Are we schizophrenic when it comes to holiday eating? Do all the people who view carbohydrates as the source of metabolic evil and think saturated fat will clog their arteries faster like a traffic jam in Times Square morph into other people on Thanksgiving? Do those of us who focus on the health quotient of our cooking, rather than its taste, feel liberated from worrying about mucous causing dairy products, colon-cluttering red meat and foods that simply taste good without being nutritious?
YES. At least many of us do. I am as guilty as everyone else who puts taste rather than nutritional health as a priority on this holiday. And I suspect that my guests, like yours know it too.
They don't ask, and I don't tell.
To be sure, there are small changes in a Thanksgiving meal that decrease the probability your cousin will call you up the next day and complain about how much weight she gained. Some dishes like the sweet potato casserole with marshmallows can be replaced with roasted sweet potatoes, hold the marshmallow creme. Gravy does not need to be 50 percent fat, and almost all of the fat from the roasting pan juices can be skimmed off. (I put the drippings in the freezer if I have time so the fat congeals and can be discarded.) Roasting vegetables with a sprinkle of olive oil avoids the need to perk up the taste with butter. Pumpkin and apple pies are certainly less fattening than something like the banoffee pie with its egg yolks, heavy cream and butter; just sideline the whipped cream.

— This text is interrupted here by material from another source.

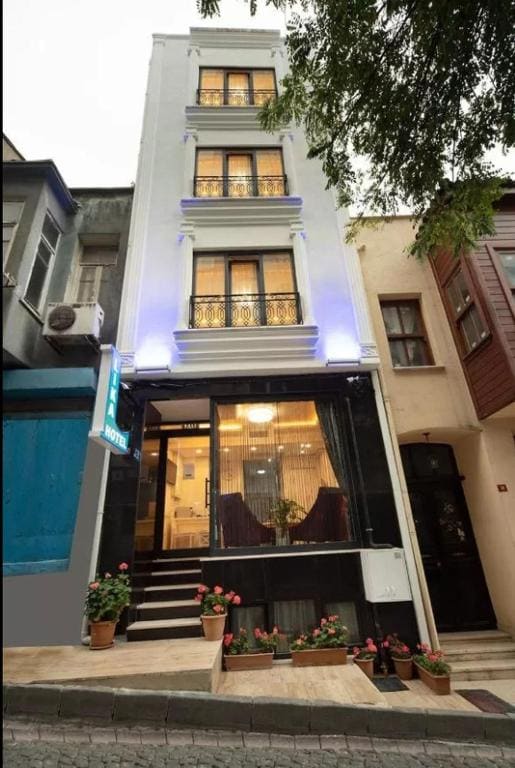 Lika Hotel - Standard Double or Twin Room in Istanbul - Main view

And putting out pre-dinner nibbles of dried fruit rather than nuts decreases calories intake a little more, but be sure to offer both so as not to alienate your guests.
We should remember that Thanksgiving is about having a good time in the kitchen and having more fun at the meal. And these days when so many of us rarely, if ever, eat together as a family, simply sitting down together for the Thanksgiving meal is enough reason to celebrate. Just don't ask me how many calories you are eating.